I heard on Channel 11 news that Sausalito where stepping up enforcement against bikes due to an increase in accidents. The news clip said they were ticketing cyclists for not yielding to pedestrians in crosswalks, not stopping for stop signs/traffic signals, and "riding outside of the bike lane".

I put the bike lane part in quotes, because this is an area where I have heard that police don't always get it right. If their is a bike lane and it is safe/clear, we are supposed to use it. But we also have many legal reasons why we are allowed to use the driving lane instead of the bike lane, including if we are passing someone in the bike lane, bike lane is blocked (which hopefully the cops are also ticketing double parkers while they are out there ticketing cyclists), dangerous conditions in bike lane (glass, gravel, pothole, etc.), when making a left turn, etc.


----------



## Leopold Porkstacker (Jul 15, 2005)

I’d like to give a shout out to all the ignorant imbecile California voters who voted “Yes” on propositions 93 through 97. Because of those measures having passed into effect, local law enforcement, public safety, fire departments, and schools all receive substantially less money for funding of programs. As a net effect, the firemans’ organisations, sherriff’s organisations, etc. are doing the telemarketing thing in order to try to get donations from upstanding citzens, and of course all law enforcement agencies are stepping up their traffic patrols by around 30% in order to get those lost revenues (let’s give EVEN MORE to the Indian casinos, and they don’t even legally have to report it all on their tax returns!! woohoo!!!).
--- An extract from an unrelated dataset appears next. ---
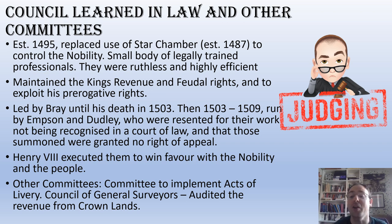Empson and Dudley were not only investigators — they were judge and jury as well, twisting and bending things to make them fit, with no right of appeal. They did a wonderful job for Henry VII and brought in loads of money. Henry VIII then executed them for breaking the law, largely to win favour with the nobility and the people, and there were actual celebrations in the streets following their execution.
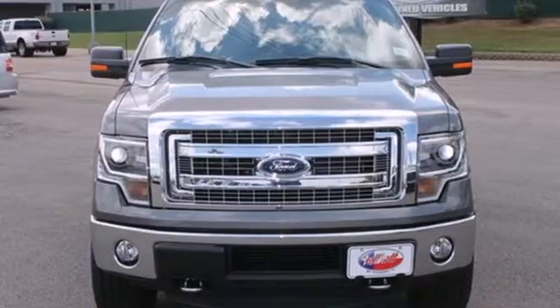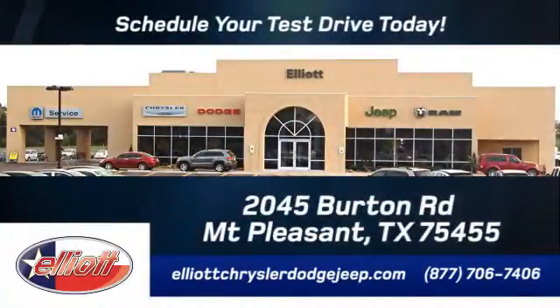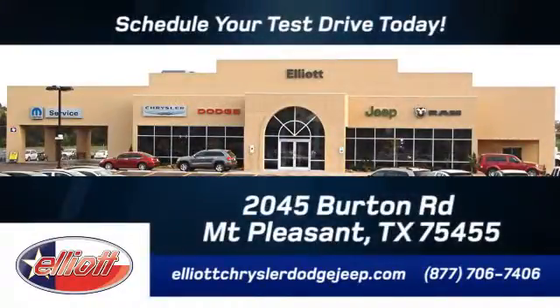Check out this Ford F-150 today. Elliott Chrysler Dodge Jeep — schedule your test drive today. We are located just off I-30 on Burton Road in Mount Pleasant.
So, if you voted “Yes” on Propositions 93 through 97, and your house burns down, I don’t have anything positive or uplifting to say to you other than, “You’re a freakin’ retard, and should have actually read your preliminary voting ballots as well as have conducted your own non-biased research on the ballot measures”. Additionally, if you got a moving vehicle citation (car or bicycle) where you would normally not have gotten one, and you b¡tch and whine about it, instead rejoice—for you are helping to pay the local branches of government who have had their funding cut in order to give the Indian gambling casinos more tax-free kickbacks.

Suck it up.


----------



## SilasCL (Jun 14, 2004)

As someone who rides through there pretty regularly, I can see why the cops would be under some pressure to ticket cyclists. Most of us blow through crosswalks. It's often really hard to tell with the traffic there whether pedestrians are crossing or cars are just stopped.

I've never seen any cyclist-pedestrian accidents there though.


----------



## numbnutz (Mar 14, 2005)

they should ticket more through there for failing to yield to peds. pisses me off when I stop for peds in the crosswalk and the jerk behind me jumps around and blows through. some people have no sense.


----------